In Massachusetts, Tireless Historian Links Dallas's Distant Past With the Present
Using the original Unfair Park items -- featuring newsies Louis Shuman and his 11-year-old brother and cotton mill workers Rosy Phillips and her brother Exie -- Manning went back to the Library of Congress's archives and pulled all the Hine photos featuring Dallas child workers. He then began sifting through old Census records, online grave-site finders, yellowed obits and any other official doc he could get his hands on -- no easy task, given the fact Hine misspelled some of the names during the course of his research and got some of the ages wrong. (For instance, newsies Louie and Rudy Kartis were actually Rudolph L. Kartous and Louis J. Kartous -- sons of Tony and Fannie Katrous, Manning discovered, immigrants who arrived in the U.S. from either Hungary or Czechoslovakia in 1909.)
As a result, not only does he offer more information about the kids in those pictures -- but, in the case of Rosa "Rosy" Mae Phillips, he found her daughter. Amazing stuff. He's constantly updating his efforts here: "Tracking Down the Dallas Newsies."

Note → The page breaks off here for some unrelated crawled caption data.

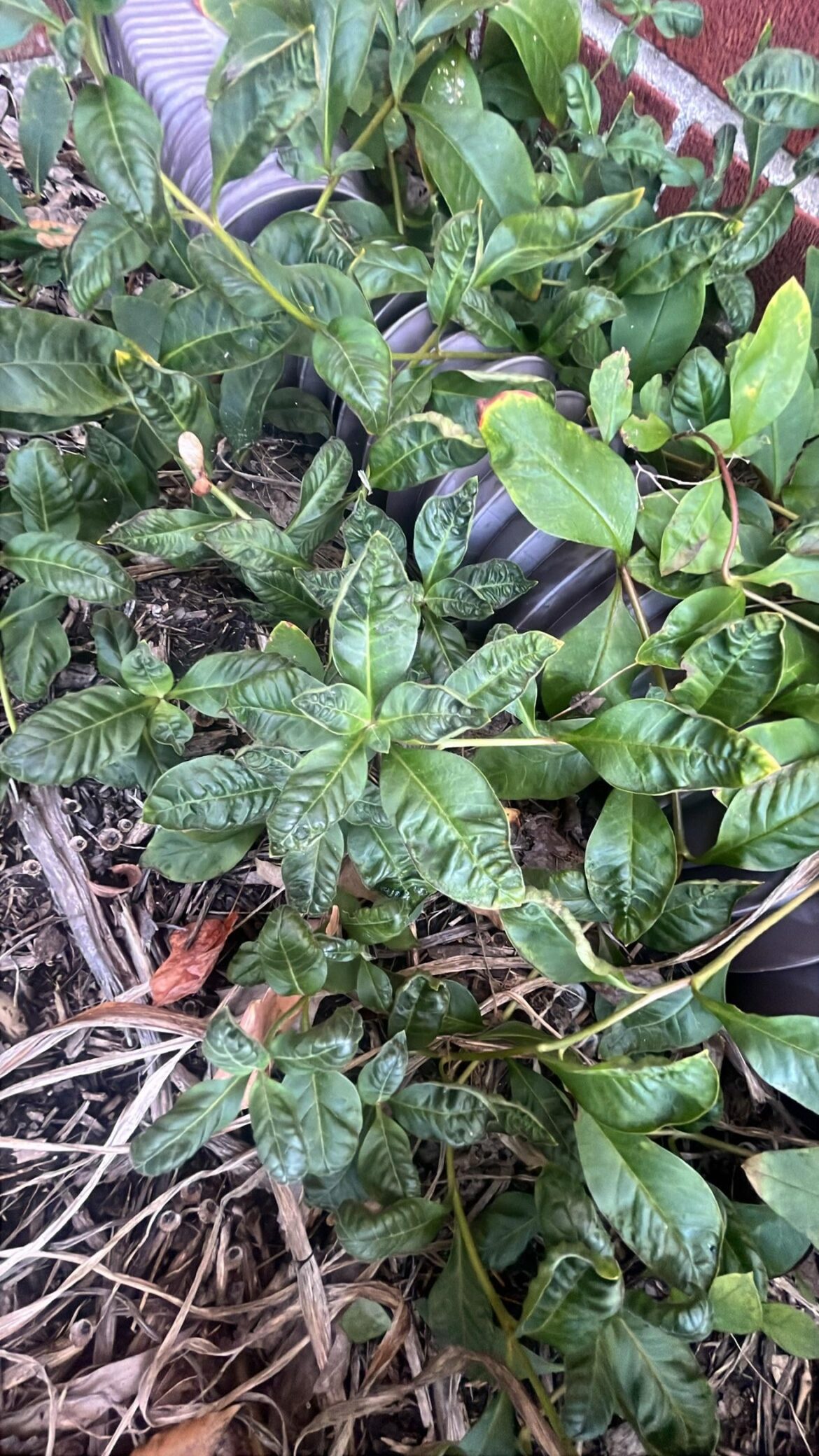 Can anyone ID this plant?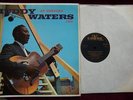 MUDDY WATERS 
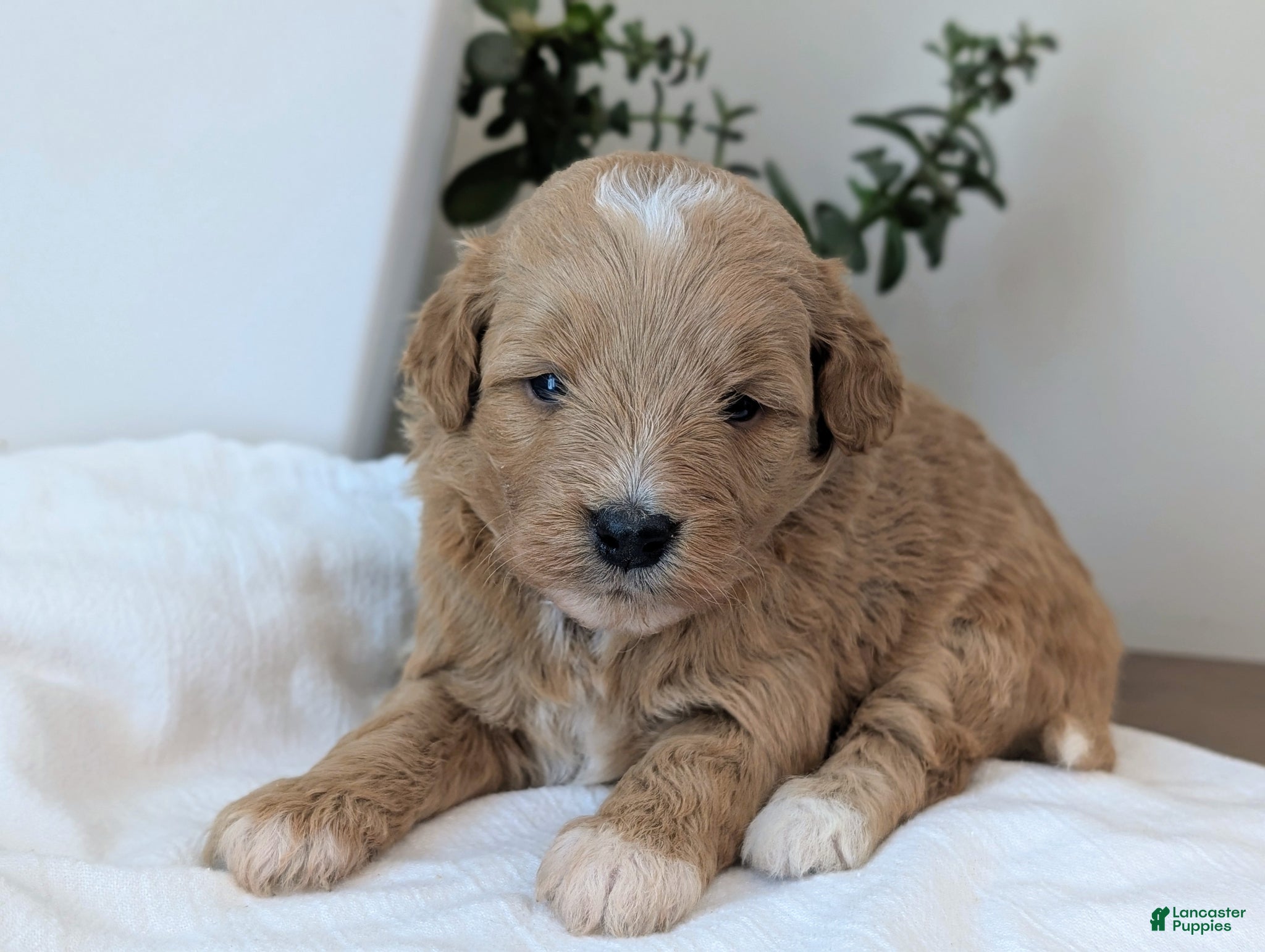Mini Goldendoodle dogs Daisy - Ad 2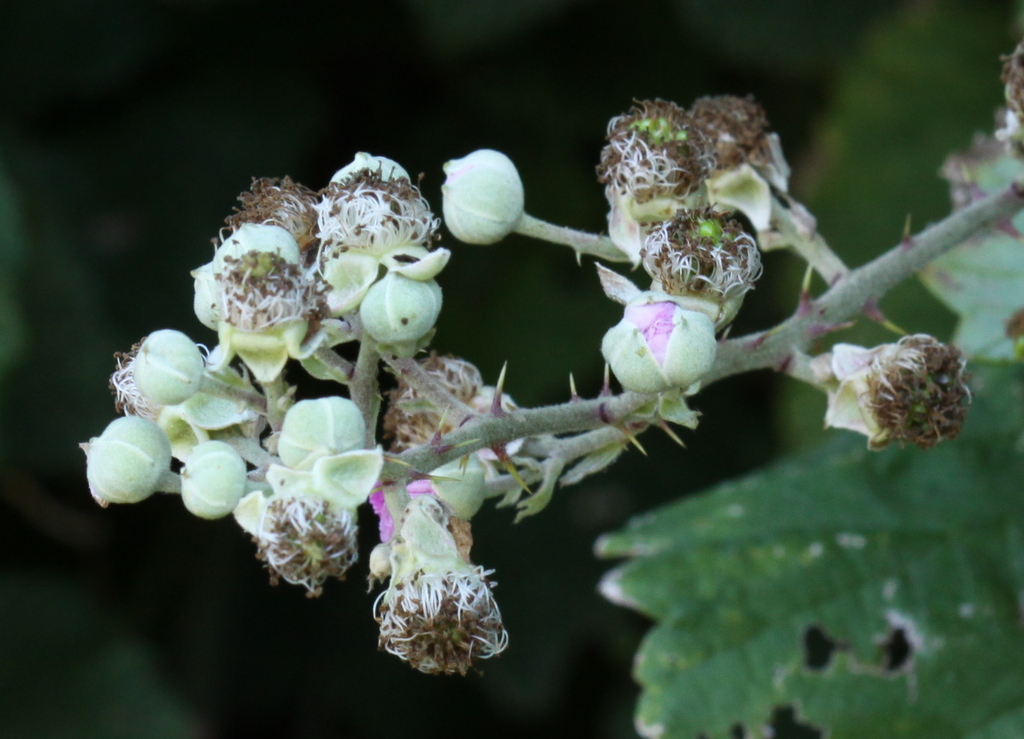 Rubus ulmifolius (door Peter Meininger)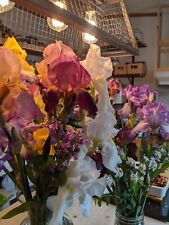 Rizomas de iris barbudo alto - colección de 6 plantas perennes frescas, usado segunda mano  Embacar hacia Argentina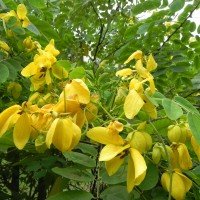 Senna surattensis (Burm.f.) H.S.Irwin & Barneby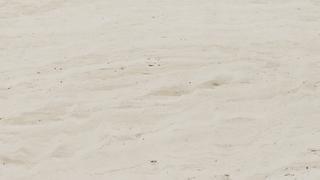 Durango Travertine
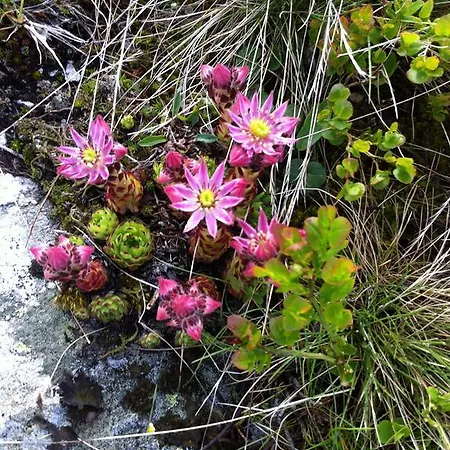 Insieme Apartment Obertauern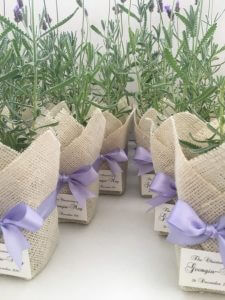 Lavender-Plants-529x705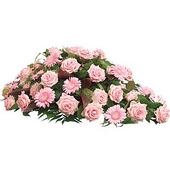 Graceful Tribute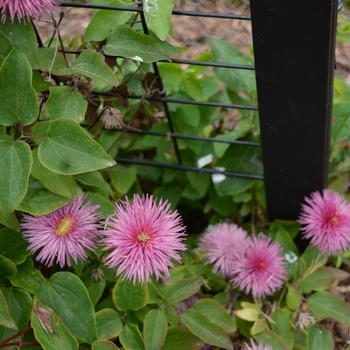 Clematis 'Kaiser' 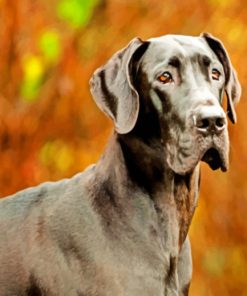 Great Dane Dog - Paint By Numbers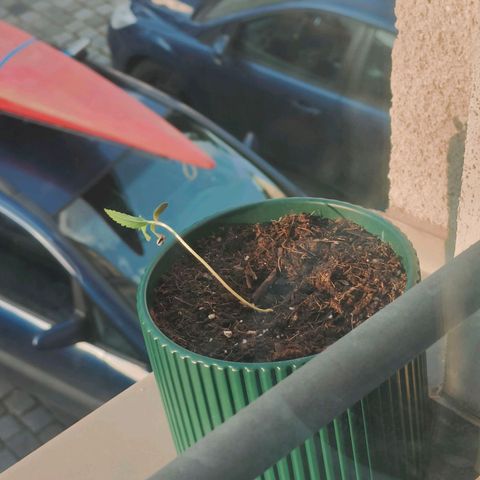 Purple Queen  growlog photo: Kleiner Excurs in die Sonne, war aber zu windig (stresstest)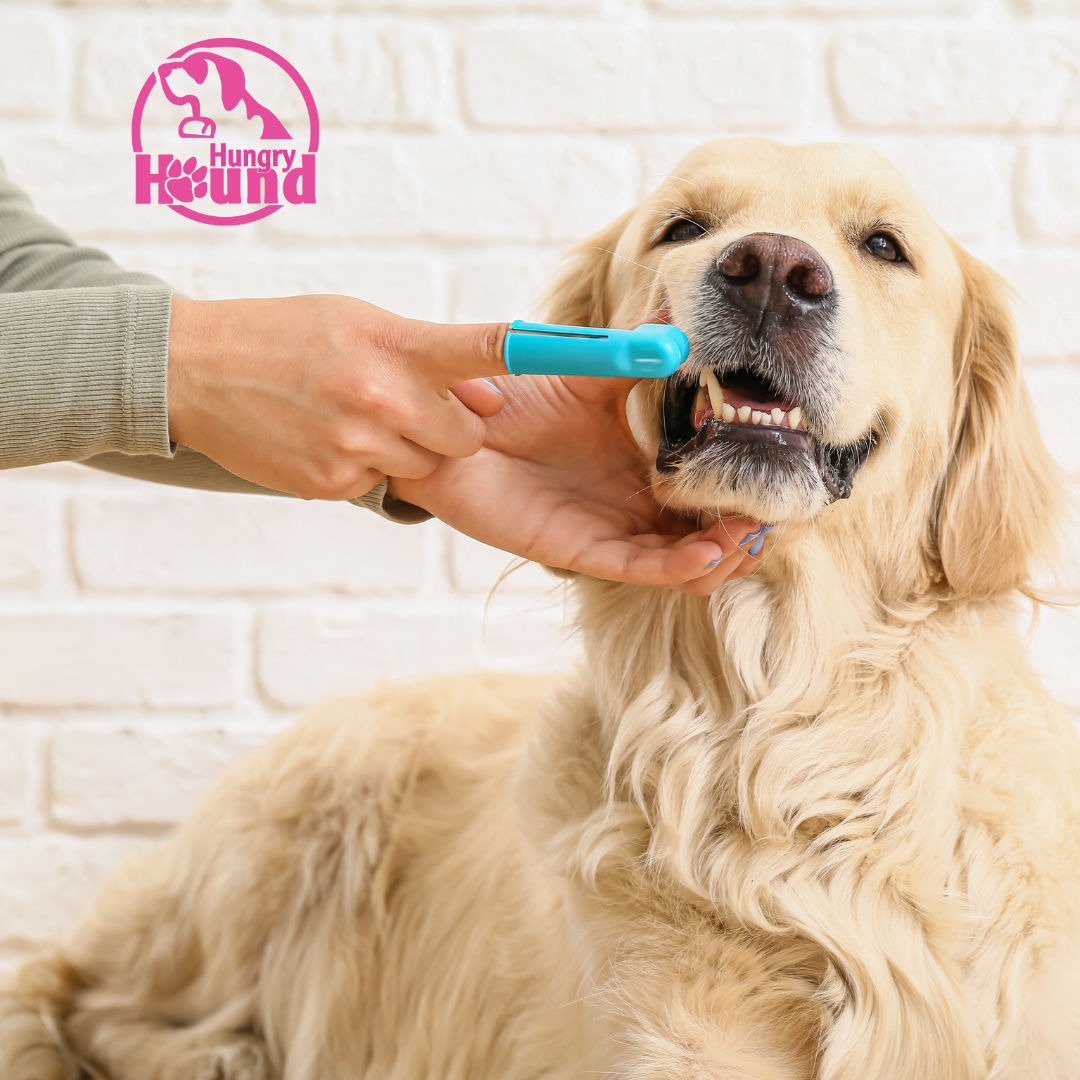 Image of blog post Dental Health for Dogs: Tips for National Pet Dental Health Month February 17th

We've been exchanging e-mails for several days, and when I told him yesterday how astounded, impressed and moved I was by his efforts to reconnect our city's distant past with the present, this is what he wrote back:
I am so grateful for this opportunity. I had no idea that I would be so successful. It's the most rewarding work I have ever done. The most amazing thing is that most descendants haven't seen the photos, so it's a huge deal for them to see their parents or grandparents as children.